▶ _To do_:
Return verbatim every line from the first line of the data below to the line that contains "Şehit Fethi Sekin kabri başında anıldı", inclusive, and no further.

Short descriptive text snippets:
"""

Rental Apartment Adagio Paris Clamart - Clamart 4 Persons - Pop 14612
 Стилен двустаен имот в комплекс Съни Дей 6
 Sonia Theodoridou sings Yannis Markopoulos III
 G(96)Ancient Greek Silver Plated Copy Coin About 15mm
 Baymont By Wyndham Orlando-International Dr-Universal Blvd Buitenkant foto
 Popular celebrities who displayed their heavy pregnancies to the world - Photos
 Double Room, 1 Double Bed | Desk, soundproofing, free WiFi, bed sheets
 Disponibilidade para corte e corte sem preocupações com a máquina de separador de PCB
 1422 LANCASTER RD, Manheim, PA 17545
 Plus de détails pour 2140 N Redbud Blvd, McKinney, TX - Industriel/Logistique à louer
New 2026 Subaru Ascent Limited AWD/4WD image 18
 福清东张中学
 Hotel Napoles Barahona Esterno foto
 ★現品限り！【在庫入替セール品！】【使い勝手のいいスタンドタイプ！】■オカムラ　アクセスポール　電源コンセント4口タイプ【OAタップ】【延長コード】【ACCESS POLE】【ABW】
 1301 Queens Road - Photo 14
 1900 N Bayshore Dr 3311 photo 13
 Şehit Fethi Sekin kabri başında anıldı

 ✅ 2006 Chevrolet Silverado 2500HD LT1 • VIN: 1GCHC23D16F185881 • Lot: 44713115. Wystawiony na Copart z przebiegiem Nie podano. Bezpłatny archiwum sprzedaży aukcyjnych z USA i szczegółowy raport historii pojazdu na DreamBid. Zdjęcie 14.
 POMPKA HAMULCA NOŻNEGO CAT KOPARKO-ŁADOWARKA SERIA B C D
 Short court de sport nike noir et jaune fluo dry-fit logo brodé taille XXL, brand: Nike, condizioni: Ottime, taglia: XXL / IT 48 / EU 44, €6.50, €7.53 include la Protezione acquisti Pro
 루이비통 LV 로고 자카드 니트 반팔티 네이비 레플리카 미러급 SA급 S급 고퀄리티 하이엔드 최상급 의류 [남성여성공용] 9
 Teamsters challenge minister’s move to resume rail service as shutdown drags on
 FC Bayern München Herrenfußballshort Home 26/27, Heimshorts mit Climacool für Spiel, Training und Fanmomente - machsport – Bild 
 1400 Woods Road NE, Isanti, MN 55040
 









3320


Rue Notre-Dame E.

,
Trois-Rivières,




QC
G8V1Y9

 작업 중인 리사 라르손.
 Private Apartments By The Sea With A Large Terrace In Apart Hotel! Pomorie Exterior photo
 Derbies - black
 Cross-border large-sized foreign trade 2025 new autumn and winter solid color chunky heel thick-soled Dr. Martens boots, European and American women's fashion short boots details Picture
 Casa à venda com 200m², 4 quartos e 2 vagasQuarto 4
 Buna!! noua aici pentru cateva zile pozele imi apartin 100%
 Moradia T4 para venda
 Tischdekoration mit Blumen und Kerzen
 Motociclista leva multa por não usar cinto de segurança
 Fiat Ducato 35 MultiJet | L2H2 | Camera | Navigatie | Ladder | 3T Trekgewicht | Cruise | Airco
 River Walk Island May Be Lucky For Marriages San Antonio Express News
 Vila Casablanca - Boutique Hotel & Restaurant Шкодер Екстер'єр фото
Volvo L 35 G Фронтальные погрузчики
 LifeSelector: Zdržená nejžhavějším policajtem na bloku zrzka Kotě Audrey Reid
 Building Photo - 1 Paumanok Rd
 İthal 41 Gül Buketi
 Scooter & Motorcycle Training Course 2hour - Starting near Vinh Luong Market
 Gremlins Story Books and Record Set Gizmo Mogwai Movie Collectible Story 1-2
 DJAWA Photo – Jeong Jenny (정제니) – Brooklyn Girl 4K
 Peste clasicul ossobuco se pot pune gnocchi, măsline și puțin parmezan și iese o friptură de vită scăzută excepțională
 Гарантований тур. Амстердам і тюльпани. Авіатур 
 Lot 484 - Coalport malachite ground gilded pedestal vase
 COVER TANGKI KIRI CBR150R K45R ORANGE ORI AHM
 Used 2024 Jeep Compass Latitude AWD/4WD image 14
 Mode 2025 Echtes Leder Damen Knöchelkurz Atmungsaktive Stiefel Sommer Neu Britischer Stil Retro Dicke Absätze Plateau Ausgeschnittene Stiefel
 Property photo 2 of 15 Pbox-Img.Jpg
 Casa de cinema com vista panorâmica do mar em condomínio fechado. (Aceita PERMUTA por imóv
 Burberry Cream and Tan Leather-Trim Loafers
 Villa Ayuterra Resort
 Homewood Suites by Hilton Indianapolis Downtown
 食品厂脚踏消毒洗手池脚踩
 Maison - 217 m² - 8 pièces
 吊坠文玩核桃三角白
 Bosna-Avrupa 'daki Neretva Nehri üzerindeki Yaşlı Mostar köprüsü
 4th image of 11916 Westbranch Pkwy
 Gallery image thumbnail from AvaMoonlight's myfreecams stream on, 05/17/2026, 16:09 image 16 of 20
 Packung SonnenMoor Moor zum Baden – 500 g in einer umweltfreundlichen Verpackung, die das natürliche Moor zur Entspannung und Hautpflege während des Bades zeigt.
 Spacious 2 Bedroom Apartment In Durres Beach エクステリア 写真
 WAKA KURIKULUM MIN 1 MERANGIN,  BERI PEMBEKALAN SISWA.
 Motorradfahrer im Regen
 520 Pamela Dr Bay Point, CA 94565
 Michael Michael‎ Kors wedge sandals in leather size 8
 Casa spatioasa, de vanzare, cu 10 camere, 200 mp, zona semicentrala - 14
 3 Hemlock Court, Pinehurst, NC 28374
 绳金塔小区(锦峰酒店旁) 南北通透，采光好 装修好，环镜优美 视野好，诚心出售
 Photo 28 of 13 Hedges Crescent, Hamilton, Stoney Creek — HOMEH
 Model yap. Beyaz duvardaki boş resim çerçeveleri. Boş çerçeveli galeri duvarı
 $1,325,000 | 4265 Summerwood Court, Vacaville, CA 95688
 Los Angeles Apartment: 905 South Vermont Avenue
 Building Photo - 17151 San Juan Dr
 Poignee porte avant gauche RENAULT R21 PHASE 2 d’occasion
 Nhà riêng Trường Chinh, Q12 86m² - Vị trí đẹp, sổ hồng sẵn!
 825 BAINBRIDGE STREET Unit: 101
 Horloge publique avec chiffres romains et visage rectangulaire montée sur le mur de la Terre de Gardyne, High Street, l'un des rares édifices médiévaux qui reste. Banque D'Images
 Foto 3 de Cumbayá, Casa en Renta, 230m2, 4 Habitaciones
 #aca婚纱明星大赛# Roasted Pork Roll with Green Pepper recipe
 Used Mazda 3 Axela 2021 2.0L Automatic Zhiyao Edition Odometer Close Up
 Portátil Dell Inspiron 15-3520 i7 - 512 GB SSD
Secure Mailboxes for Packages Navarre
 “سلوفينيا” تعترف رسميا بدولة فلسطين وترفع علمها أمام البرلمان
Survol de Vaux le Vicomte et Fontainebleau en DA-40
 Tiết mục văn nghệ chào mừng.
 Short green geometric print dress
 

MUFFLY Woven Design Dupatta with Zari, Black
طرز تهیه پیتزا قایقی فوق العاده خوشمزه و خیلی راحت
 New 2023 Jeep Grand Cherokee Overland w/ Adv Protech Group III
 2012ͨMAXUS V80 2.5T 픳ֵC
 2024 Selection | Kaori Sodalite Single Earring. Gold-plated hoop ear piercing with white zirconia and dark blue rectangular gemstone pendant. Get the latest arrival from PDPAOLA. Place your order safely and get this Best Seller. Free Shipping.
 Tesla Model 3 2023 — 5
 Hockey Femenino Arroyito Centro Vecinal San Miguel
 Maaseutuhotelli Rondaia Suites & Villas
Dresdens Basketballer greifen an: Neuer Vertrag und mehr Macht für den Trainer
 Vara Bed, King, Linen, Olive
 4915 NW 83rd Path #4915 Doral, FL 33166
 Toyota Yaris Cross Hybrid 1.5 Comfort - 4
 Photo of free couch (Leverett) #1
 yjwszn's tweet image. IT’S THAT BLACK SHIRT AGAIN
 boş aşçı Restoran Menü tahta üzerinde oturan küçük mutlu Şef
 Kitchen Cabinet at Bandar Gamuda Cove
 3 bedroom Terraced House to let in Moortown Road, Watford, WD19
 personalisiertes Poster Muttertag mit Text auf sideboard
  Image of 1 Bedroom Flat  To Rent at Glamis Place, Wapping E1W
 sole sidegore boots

"""

▶ _Solved exercise_:
Rental Apartment Adagio Paris Clamart - Clamart 4 Persons - Pop 14612
 Стилен двустаен имот в комплекс Съни Дей 6
 Sonia Theodoridou sings Yannis Markopoulos III
 G(96)Ancient Greek Silver Plated Copy Coin About 15mm
 Baymont By Wyndham Orlando-International Dr-Universal Blvd Buitenkant foto
 Popular celebrities who displayed their heavy pregnancies to the world - Photos
 Double Room, 1 Double Bed | Desk, soundproofing, free WiFi, bed sheets
 Disponibilidade para corte e corte sem preocupações com a máquina de separador de PCB
 1422 LANCASTER RD, Manheim, PA 17545
 Plus de détails pour 2140 N Redbud Blvd, McKinney, TX - Industriel/Logistique à louer
New 2026 Subaru Ascent Limited AWD/4WD image 18
 福清东张中学
 Hotel Napoles Barahona Esterno foto
 ★現品限り！【在庫入替セール品！】【使い勝手のいいスタンドタイプ！】■オカムラ　アクセスポール　電源コンセント4口タイプ【OAタップ】【延長コード】【ACCESS POLE】【ABW】
 1301 Queens Road - Photo 14
 1900 N Bayshore Dr 3311 photo 13
 Şehit Fethi Sekin kabri başında anıldı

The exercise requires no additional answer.